23 de fevereiro de 2011 21

Crescem as manifestações de inconformidade dirigidas ao treinador Celso Roth. Sua irritada entrevista coletiva, concedida ontem à tarde, piorou a sua imagem junto aos colorados. De todos os lugares do mundo, chegam e-mails expressando desconforto contra o treinador colorado. Como este, desembarcado de San Diego, Califórnia:

“Oi Wianey, meu nome eh Marcelo Difini, moro em San Diego na California. Estou aqui desde 2006 e desde essa época tenho acompanhado o futebol da mesma maneira que fazia no Brasil.

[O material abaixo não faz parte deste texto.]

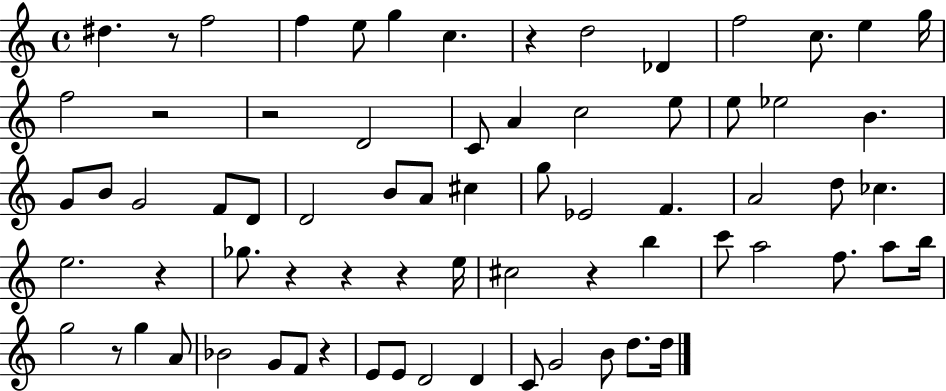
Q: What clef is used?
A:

Sou colorado e quando foi decidido que o tecnico Celso Roth continuaria no comando para 2011 eu fiquei irritado, mas como bom colorado achei que as coisas iriam mudar e lições seriam tiradas de um vexame como daquele dia contra o Mazembe. Desde a preservação de jogadores da grande maioria dos jogos do Campeonato Brasileiro até a idéia de jogar com um único atacante. Mas um Campeonato Brasileiro fácil de se ganhar e a substituição do Sobis pelo Oscar em Abu Dhabi são coisas tão claras que não tinha como errar novamente.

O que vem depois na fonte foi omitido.